╔══
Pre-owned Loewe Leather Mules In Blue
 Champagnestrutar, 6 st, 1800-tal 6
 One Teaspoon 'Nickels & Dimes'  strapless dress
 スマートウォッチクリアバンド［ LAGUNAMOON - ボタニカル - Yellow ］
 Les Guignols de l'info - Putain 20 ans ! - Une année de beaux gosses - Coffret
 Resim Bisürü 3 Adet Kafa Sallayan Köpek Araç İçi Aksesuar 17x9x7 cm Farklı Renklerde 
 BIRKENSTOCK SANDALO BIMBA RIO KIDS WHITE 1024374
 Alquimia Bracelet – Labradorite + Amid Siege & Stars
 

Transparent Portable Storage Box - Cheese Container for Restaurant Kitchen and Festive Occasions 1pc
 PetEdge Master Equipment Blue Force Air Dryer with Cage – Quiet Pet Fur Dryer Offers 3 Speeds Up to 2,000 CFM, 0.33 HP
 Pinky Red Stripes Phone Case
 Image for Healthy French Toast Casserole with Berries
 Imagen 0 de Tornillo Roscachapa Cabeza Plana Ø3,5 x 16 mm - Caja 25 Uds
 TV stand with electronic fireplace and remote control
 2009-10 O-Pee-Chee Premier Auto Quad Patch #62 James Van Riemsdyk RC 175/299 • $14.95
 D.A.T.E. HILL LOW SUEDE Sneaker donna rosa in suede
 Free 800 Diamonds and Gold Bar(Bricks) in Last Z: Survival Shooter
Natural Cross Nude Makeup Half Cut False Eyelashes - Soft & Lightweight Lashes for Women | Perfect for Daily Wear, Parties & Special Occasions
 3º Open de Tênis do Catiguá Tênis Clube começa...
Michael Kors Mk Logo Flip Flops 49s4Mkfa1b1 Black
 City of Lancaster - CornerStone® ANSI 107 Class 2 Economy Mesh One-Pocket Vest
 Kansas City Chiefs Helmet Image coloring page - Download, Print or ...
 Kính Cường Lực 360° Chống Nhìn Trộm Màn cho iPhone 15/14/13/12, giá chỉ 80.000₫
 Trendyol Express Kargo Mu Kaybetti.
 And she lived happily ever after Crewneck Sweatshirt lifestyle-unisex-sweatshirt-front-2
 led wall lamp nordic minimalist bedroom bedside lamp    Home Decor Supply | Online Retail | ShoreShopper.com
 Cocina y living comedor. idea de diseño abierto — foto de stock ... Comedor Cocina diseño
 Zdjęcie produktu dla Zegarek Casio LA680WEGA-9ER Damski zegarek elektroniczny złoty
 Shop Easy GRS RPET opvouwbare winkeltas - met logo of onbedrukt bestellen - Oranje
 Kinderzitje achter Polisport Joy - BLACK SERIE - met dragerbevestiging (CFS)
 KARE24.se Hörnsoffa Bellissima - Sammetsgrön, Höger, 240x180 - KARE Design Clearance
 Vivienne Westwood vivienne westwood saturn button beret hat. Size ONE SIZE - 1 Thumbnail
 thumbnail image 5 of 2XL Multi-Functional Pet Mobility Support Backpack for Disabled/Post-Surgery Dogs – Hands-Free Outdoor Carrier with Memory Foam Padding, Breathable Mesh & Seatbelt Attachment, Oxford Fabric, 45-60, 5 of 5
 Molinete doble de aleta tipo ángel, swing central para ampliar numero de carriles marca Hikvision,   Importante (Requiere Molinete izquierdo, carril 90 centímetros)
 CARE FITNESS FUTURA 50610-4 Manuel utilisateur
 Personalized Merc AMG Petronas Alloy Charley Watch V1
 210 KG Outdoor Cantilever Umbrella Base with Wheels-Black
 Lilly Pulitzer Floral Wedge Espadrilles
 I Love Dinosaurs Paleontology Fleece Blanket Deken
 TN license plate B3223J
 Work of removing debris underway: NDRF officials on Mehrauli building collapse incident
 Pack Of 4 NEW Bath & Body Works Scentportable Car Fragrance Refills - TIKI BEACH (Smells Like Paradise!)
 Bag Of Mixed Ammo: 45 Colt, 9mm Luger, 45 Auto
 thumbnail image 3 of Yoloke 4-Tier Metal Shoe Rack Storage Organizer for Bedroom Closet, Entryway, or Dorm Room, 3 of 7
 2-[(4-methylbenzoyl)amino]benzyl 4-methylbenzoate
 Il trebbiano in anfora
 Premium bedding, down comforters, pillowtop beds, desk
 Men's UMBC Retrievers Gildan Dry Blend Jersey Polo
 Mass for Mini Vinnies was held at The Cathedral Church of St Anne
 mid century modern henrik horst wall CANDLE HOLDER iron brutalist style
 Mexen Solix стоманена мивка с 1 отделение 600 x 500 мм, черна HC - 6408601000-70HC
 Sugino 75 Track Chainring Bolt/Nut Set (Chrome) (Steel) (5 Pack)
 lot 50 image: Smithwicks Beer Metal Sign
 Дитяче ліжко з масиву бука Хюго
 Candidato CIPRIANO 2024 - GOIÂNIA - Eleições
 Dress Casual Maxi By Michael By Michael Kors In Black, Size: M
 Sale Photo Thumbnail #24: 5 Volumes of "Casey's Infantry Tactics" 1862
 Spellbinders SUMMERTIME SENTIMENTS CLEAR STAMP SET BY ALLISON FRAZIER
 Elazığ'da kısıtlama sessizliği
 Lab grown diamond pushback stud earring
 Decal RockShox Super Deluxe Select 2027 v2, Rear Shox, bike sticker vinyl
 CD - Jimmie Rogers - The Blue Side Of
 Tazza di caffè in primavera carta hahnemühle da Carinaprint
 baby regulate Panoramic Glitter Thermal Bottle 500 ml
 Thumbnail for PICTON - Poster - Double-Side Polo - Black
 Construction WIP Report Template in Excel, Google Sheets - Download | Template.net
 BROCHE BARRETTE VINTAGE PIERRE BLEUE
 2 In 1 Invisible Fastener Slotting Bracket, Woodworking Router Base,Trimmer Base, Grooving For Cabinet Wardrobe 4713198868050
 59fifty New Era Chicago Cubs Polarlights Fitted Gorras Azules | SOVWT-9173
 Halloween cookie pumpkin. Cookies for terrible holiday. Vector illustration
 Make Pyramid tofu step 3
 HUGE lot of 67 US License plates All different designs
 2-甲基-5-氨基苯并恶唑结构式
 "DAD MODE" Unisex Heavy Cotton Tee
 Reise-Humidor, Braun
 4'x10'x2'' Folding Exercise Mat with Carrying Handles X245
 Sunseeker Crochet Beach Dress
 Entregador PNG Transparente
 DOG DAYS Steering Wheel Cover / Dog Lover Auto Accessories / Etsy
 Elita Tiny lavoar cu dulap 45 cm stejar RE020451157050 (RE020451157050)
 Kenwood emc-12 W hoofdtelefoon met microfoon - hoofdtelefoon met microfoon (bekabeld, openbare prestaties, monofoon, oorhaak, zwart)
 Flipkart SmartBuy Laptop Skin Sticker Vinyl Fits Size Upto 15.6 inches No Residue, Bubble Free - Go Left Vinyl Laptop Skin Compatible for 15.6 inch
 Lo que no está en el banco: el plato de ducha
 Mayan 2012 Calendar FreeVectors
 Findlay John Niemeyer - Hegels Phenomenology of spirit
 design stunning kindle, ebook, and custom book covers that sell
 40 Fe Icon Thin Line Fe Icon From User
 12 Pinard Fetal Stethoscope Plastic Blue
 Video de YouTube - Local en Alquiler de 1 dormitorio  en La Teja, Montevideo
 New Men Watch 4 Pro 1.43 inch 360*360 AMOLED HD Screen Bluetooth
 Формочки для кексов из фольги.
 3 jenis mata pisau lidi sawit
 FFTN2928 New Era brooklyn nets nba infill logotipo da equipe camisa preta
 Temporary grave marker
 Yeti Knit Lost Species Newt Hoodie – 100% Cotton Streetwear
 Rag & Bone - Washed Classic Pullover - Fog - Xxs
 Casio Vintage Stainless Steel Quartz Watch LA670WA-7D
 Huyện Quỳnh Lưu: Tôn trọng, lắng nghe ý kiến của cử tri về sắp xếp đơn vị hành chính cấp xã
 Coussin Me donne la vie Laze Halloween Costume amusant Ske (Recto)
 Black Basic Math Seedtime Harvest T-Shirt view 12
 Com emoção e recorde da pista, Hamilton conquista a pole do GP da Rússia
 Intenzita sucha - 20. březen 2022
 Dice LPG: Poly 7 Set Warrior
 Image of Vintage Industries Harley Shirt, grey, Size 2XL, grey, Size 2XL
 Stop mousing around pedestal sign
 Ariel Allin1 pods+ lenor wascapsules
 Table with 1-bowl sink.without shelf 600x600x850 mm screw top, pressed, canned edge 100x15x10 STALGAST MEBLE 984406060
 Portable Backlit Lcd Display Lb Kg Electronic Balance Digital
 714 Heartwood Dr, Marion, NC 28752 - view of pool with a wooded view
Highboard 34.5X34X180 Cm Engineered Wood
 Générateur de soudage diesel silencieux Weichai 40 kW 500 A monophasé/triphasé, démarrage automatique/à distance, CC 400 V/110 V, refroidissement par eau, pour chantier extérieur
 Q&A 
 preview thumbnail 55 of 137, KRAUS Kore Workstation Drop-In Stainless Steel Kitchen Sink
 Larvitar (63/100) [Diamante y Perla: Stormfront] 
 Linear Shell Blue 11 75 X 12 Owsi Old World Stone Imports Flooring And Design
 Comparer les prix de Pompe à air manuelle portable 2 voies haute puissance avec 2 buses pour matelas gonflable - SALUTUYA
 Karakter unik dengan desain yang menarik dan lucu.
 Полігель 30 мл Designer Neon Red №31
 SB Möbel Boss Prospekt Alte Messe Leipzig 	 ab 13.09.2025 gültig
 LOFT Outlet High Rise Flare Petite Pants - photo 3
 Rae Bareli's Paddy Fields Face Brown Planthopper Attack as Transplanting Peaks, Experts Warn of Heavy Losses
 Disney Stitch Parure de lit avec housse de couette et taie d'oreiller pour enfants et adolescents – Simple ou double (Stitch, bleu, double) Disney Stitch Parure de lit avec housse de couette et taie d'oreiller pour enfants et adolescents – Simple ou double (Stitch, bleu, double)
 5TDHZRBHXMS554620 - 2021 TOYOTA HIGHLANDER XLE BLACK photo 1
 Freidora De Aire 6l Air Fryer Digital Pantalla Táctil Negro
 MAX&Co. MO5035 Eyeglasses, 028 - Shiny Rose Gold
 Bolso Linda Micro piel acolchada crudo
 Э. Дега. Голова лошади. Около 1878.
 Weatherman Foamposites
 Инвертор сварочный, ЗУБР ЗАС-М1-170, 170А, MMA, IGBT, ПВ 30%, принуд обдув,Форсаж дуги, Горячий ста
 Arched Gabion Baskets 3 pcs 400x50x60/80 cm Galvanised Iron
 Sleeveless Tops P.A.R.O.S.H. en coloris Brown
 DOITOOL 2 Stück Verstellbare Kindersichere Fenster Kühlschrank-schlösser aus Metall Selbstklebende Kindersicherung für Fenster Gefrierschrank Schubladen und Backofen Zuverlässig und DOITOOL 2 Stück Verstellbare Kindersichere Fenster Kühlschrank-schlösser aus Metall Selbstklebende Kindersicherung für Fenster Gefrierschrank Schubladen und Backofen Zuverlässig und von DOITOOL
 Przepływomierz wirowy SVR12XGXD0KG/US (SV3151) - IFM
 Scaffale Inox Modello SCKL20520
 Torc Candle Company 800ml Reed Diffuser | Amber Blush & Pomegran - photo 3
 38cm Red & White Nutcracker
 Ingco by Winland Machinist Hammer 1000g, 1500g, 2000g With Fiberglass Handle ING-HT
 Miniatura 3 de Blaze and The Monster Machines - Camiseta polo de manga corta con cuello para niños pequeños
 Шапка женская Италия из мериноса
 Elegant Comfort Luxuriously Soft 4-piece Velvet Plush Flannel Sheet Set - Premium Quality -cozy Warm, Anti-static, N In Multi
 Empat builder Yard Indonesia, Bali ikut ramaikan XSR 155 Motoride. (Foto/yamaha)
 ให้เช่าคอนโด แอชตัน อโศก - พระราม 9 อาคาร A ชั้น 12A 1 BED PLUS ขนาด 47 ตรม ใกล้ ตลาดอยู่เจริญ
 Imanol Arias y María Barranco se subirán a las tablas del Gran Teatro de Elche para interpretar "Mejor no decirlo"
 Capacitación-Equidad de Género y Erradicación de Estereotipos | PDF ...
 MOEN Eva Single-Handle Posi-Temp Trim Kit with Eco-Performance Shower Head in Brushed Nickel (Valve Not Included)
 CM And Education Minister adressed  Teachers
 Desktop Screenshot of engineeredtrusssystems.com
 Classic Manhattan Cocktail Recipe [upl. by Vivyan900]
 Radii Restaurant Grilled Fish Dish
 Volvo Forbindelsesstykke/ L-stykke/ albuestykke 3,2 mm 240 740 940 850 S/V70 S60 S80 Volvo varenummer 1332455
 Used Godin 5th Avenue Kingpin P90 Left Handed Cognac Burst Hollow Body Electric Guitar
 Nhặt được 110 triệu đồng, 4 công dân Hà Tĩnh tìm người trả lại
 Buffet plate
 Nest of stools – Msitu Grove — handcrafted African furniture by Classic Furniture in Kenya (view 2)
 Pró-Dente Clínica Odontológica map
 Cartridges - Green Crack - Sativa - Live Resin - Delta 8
╚══
● Goal of the exercise: Across all the entries above, how many lines have the word "Steel" in them? Only the number, please.

● Finished exercise: 3